Friday, July 31, 2020

i realize i just used a term i used to use more often but don't use as much anymore.

left libertarian.

nowadays, i usually just call myself an anarchist, but i haven't clarified the point in a while. due to the co-option of the term by hard-right classical liberals, anarchism has become kind of a damaged label - i know that, i get that. but, i guess at some point i stopped caring. or, maybe i decided there was enough writing out there at that point to make the distinction unnecessary.

but, as i'm ranting about masks in a way that is not that different than the ancaps are (and, this is the rare scenario where our shared libertarianism overpowers our diametrically opposed economic views), maybe it's a good time to remind you of the point: when i call myself an anarchist or a libertarian, i use the term in a mostly french/european context, just as i use the terms liberal and conservative in very british/canadian ways. i insist that i'm using the language correctly, and that i am right to use the language correctly, but i realize that the fact that americans are hopelessly lost in backwards colloquialisms may make my writing a little hard to follow if you watch too much tv.

this is a succinct quote:
anarchism is really a synonym for socialism.
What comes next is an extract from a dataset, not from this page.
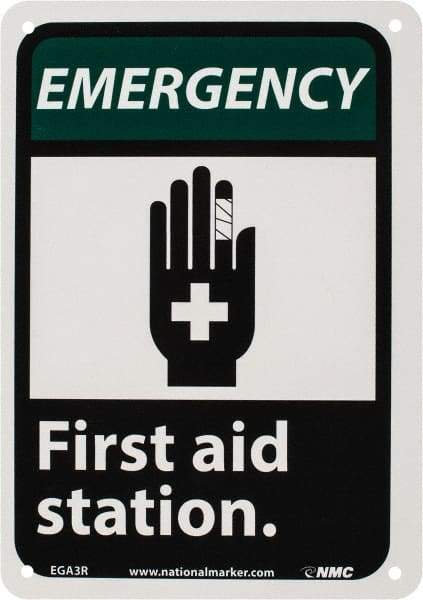 NMC - "Emergency - First Aid Station", 10" Long x 7" Wide, Rigid Plastic Safety Sign - Rectangle, 0.05" Thick, Use for First Aid - Apex Tool & Supply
The anarchist is primarily a socialist whose aim is to abolish the exploitation of man by man. Anarchism is only one of the streams of socialist thought, that stream whose main components are concern for liberty and haste to abolish the State.

that's me, isn't it? spot on.

i realize that it's a contradiction within the americanized spectrum to simultaneously argue for individual liberty and the socialization of production at the same time, but that's where we are here on the libertarian left, and we don't see it as a contradiction at all but as two halves of a greater vision for a society where people are freer to live in less statist restrictions because they've socialized the means of production.

the last thing to point out is that a lot of the confusion comes from the fact that the word socialism, itself, is so warped in the americanized spectrum. in this highly colloquial americanized spectrum, the words liberal and conservative have almost perfectly reversed meaning and libertarianism has been co-opted by what most of the world calls liberals (and americans call conservatives). so, it's only natural that the world socialism has been colloquialized as well to mean a reference to big government, when socialism has always been about abolishing government everywhere else in the world.

so, of course you're confused - you don't really understand what any of the words i use mean, because you've managed to destroy the meaning of virtually all of them.

but, i'm not going to conform to your colloquialisms, i'm going to insist on the proper terminology and demand you try harder to keep up.